Calcite Table Functions

Paul Rogers edited this page Nov 17, 2022 · 4 revisions

Planning Flow

Startup

  • MSQSqlModule provides a binding to ExternalOperatorConversion:
    SqlBindings.addOperatorConversion(binder, ExternalOperatorConversion.class);
  • ExternalOperator is created via Guice. It is not registered in Guice, it is just created as needed, which is...
  • ExternalOperatorConversion is created via Guice, passing in the ExternalOperator instance.
  • ExternalOperatorConversion holds an instance of SqlOperator, specifically SqlUserDefinedTableMacro, which is created via the ExternalOperatorConversion (called from Guice).
  • In this case, the Druid-specific class is ExternalOperator, which extends SqlUserDefinedTableMacro.
  • The ExternalOperator constructor causes the parameters to be created so they can be passed to the super constructor.
  • The ExternalOperator macro is given the ExternalTableMacro instance, and calls ExternalTableMacro.getParameters() to get the list of parameters.

Relationships:

CalcitePlannerModule      MSQSqlModule
      |                        |
    Guice                    Guice                                             Guice
      |                        |                                                 |
DruidOperatorTable o-- ExternalOperatorConversion o-- ExternalOperator o-- ExternalTableMacro
                               |                            |                    |
                               v                            v                    v
                        SqlOperatorConversion     SqlUserDefinedTableMacro   TableMacro
                                                            |
                                                            v
                                                       SqlFunction

This means:

  • ExternalOperatorConversion are statically defined, via Guice.
  • Each ExternalOperatorConversion holds onto the Calcite operator, in this case, ExternalOperator extends SqlUserDefinedTableMacro.
  • So, ExternalOperator is also a singleton, created at startup.
  • ExternalOperator is an operator definition, which holds onto a ExternalTableMacro, which is also a definition, in its tableMacro field.
  • The ExternalTableMacro parameters are created once, via the Guice-created instance.

Questions:

  • Why ExternalTableMacro is created via Guice, other than for completeness.

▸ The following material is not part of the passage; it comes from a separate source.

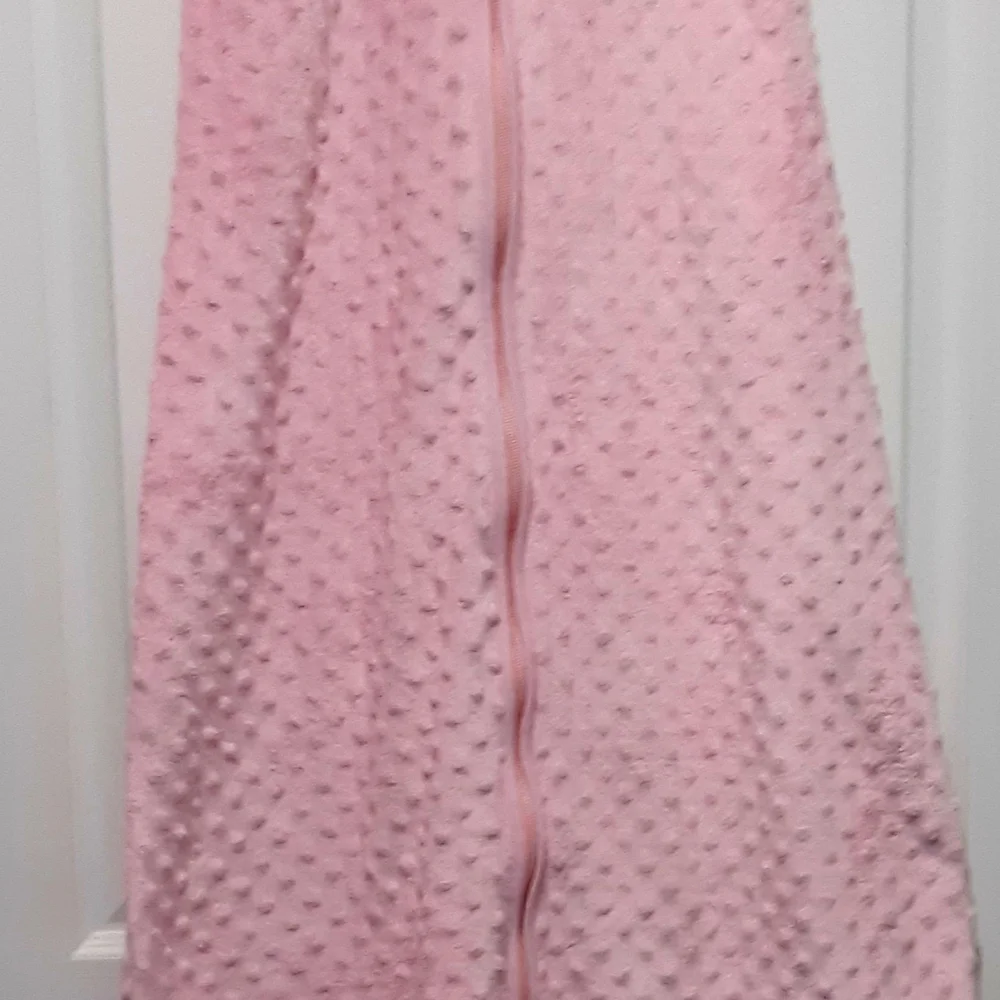 Pink Textured Hooded Kids Blanket - Cozy Wearable Bib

It is only ever used by ExternalOperatorConversion and probably could have been created directly within the constructor. The answer is probably the ObjectMapper required by the constructor. Changed to not create through Guice.

AST

Resolution

  • BaseDruidSqlValidator extends SqlValidatorImpl validateNamespace(.) calls
  • ProcedureNamespace.validateImpl(.) which special cases SqlUserDefinedTableMacro
  • The special case calls udf.getTable(.) where udf is the ExternalOperator extends SqlUserDefinedTableMacro instance.
  • getTable(.) retrieves the TableMacro tableMacro instance, in this case, ExternalTableMacro.
  • SqlUserDefinedTableMacro.getTable(.) calls convertArguments(.)
  • convertArguments() calls ExternalTableMacro extends TableMacro getParameters() (which creates another instance of the parameters.)
  • SqlUserDefinedTableMacro.getTable() then calls ExternalOperator extends SqlUserDefinedTableMacro apply(.) to apply the arguments.
  • The arguments are given as a list of Java objects which match up to the parameters by position. The values are coerced to Java types using the TypeFactory associated with the planner.
  • ExternalTableMacro.apply() grabs the three String arguments, converts the value to JSON, and returns an instance of ExternalTable that has an ExternalDataSource that holds the converted arguments.
  • The ExternalTable then becomes the "real" table referenced in the FROM clause.
  • ProcedureNamespace.validateImpl(.) then calls ExternalTable extends TranslatableTable getRowType() to get the row signature.

Basic structure:

Validator
   |
   | (calls)
   |
ProcedureNamespace
   |
   | (is given instance of)
   |
RelDataType o-- SqlUserDefinedTableMacro o-- TableMacro
   |                                             |
   |                                             | (creates)
   |                                             |
ProcedureNamespace                          ExternalTable o-- ExternalDataSource

Notes:

  • It would seem that we can create the ExternalTableMacro parameters once, and reuse them: no need to create them over and over. (Done, use DruidTypeSystem.TYPE_FACTORY as the type factory.)

Authorization

  • SqlResourceCollectorShuttlecalls gets theSqlOperatorfrom theSqlCall` node when walking the tree.
  • The SqlCall.getOperator() method returns the associated operator, here ExternalOperator.
  • After casting to AuthorizableOperator, the shuttle calls ExternalOperator.computeResources(.) to return the resource, which is EXTERNAL_RESOURCE_ACTION.

Conversion

  • SqlToRelConverter.convertCollectionTable(.) call obtains the SqlOperator from `SqlCall.getOperator().
  • The operator here is ExternalOperatorConversion extends SqlOperatorConversion.
  • convertCollectionTable(.) special-cases SqlUserDefinedTableMacro and again calls getTable().
  • getTable() repeats the process above: again creating the parameters and again creating an instance of ExternalTable.
  • convertCollectionTable(.) calls RelOptTableImpl.toRel(.) which calls ExternalTable.toRel(.).
  • ExternalTable.toRel(.) creates an ExternalTableScan instance to represent the scan.
  • ExternalTableScan.deriveRowType() again calls ExternalTable.getRowType() to convert the row type.

Questions:

  • Can the row type be cached in ExternalTable to avoid multiple conversions? (Yes, this works.)
  • Can the ExternalTable be cached to avoid multiple conversions? (Possibly not possible as coded, since the table is created from the table macro, which is a singleton. There is no place to hang a cached instance, that I can easily see.)

Optimization

  • ExternalTableScan calls ExternalTable.getDataSource() multiple times.

Extends Functionality

See UserDefinedTableMacroFunction for details.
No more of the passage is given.